Monday, 21 November 2011

Game 21: Montreal 0, Boston 1

I was thinking how exhausting it might be to watch the Bruins playing the Good Guys at the New Forum. Imagine having to loudly and deeply boo Zdeno Chara, Milan Lucic, Brad Marchand, Greg Campbell, Andrew Ference, Nathan Horton, and Benoit Pouliot every time they touch the puck. Add to that having to boo Claude Julien every time he appears on the big screen, and the off-chance you might run into Jack Edwards in the corridors between periods, and that's quite the lung workout.

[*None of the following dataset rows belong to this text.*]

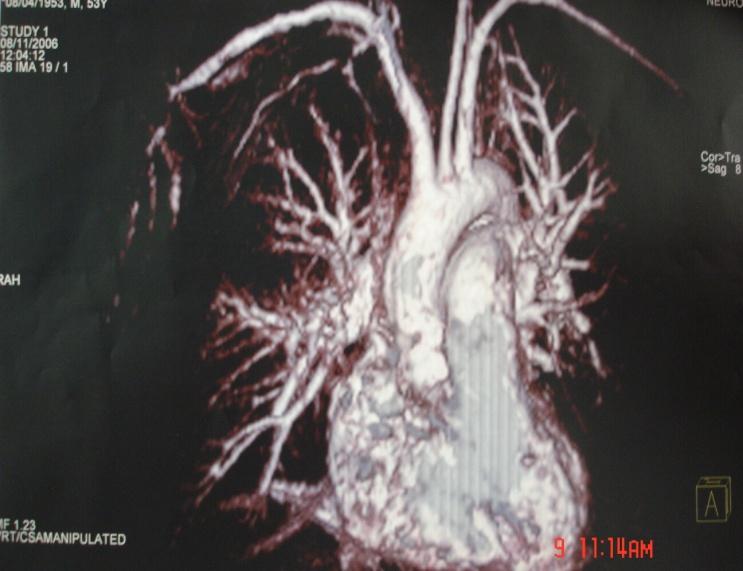 CT Angiography - tridimensional multislice scan, which emphasizes the irregularities of pulmonary vessels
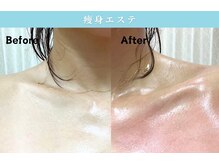 アーヒル(A”-HILU)/セルゼロ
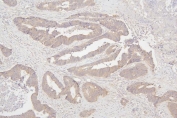 IHC staining of FFPE human colon cancer with Semaphorin 3B antibody. HIER: boil tissue sections in pH8 EDTA for 20 min and allow to cool before testing.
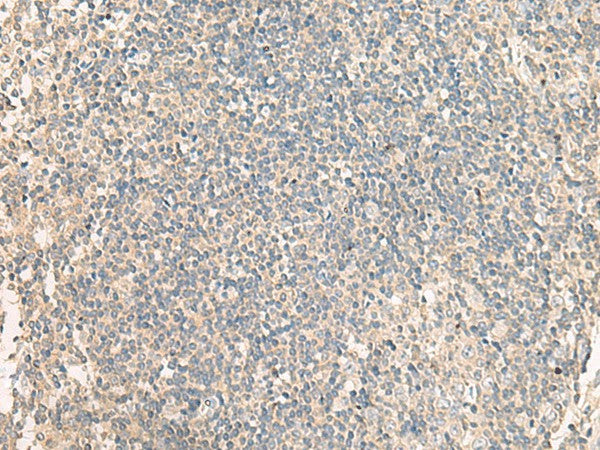 Immunohistochemistry of paraffin-embedded Human tonsil tissue using NRBP1 Polyclonal Antibody at dilution of 1:60(×200)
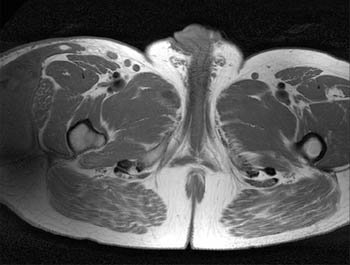 RadsourceLLC's tweet photo. A parasailing accident led to this diagnosis (named for a French surgeon).... #webclinic #radclinics https://t.co/KItZMouUSY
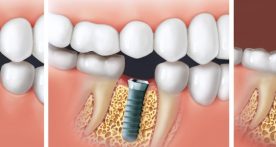 Implantate Zahnarzt Interlaken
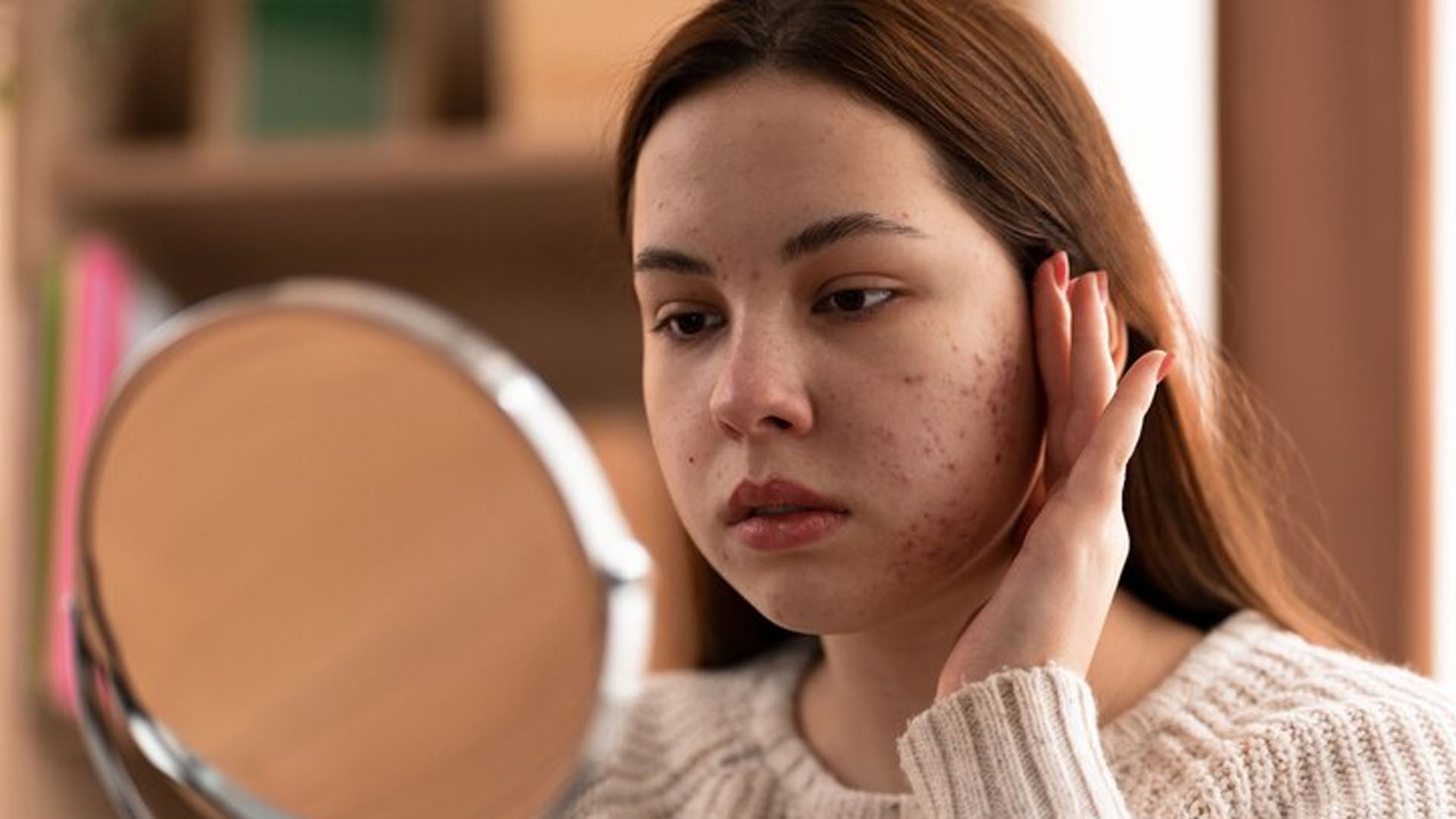 What are the Home Remedies for Acne Scars?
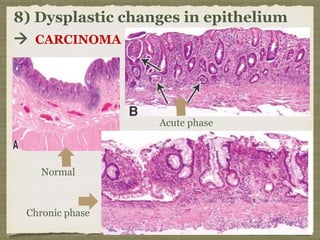 8) Dysplastic changes in epithelium
 CARCINOMA
Chronic phase
Acute phase
Normal
 
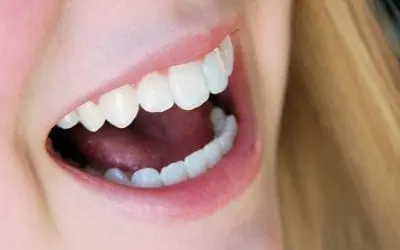 Does Arthritis Affect Oral Care?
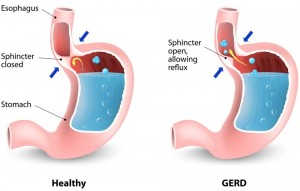 Penderita GERD Tetap Aman dan Nyaman Berpuasa, Perhatikan Tips Berikut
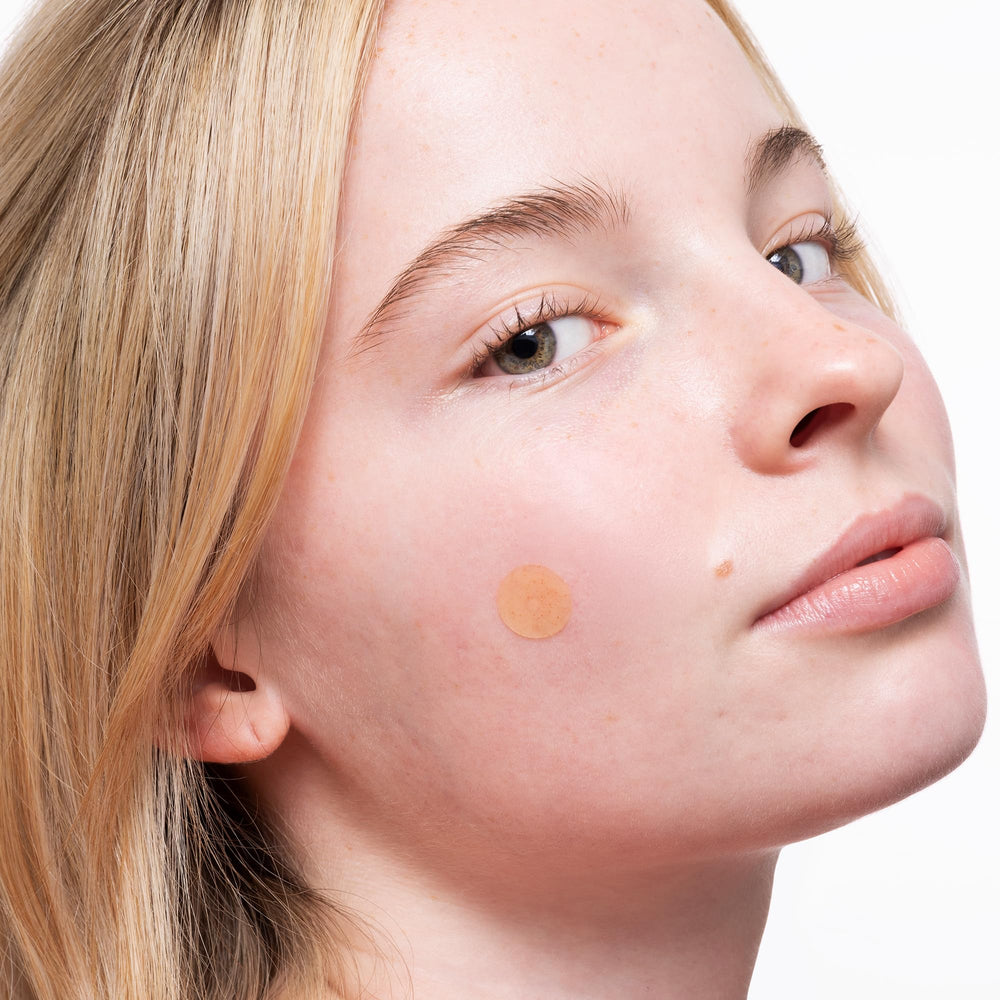 Peace Out Acne Healing Dots vegan, clean ingredients for skin-friendly blemish support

The game started out on a tentative note, with both teams feeling each other out, and it never seemed to hit cruising speed. My impression was that the Canadiens were awaiting, almost fearful, for a Lucician Flying Suplex or a Chara Clothesline. Meanwhile, the Bruins seemed to be walking on eggshells, as if Claude Julien had given them strict marching orders to not lose their heads as they usually do against the Habs, and I'll be darned if they didn't actually listen to him. It did lead them to appear as if they had a foot on the dock and a foot in the boat, a little bit unsteady and indecisive: "Oh yeah, almost forgot, don't spear that guy... Oops, came close to slashing that guy's premolar there... Man, my elbows are really itchy right now..." A Bruin with a hockey stick in his hands is like that Viking holding a spiky, evil-looking mace in the Far Side cartoon, who confides in his tablemate that it always makes him want to smash something, as another Viking walks in the door innocently having just blown a big bubblegum bubble. Substitute the Viking with the bubblegum with a hockey player in bleu blanc rouge and you get the analogy.

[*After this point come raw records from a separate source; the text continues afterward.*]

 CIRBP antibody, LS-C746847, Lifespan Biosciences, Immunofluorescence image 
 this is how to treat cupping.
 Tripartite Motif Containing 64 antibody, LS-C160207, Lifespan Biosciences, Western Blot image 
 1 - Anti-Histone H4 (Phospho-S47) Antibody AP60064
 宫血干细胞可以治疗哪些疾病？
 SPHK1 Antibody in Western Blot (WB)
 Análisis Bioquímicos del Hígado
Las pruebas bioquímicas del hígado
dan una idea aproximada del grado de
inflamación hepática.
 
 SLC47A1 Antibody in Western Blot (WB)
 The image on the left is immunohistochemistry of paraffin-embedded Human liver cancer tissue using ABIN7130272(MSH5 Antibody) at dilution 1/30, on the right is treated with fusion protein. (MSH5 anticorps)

Alexei Emelin started off the game with a great hit on David Krejci that must have hurt, since we didn't really hear from Mr. Krejci for the rest of the game. In retaliation, Johnny Boychuk attempted to cowgirl Josh Gorges, and Zdeno Chara, with David Desharnais nowhere in sight, decided to pick on Mike Cammalleri. Overall, Mr. Emelin played a good game, and showed his worth on the lineup, as they are replete with small shifty stickhandlers, but need some toughness, which he brings to the table. The more icetime he receives, the better he will get.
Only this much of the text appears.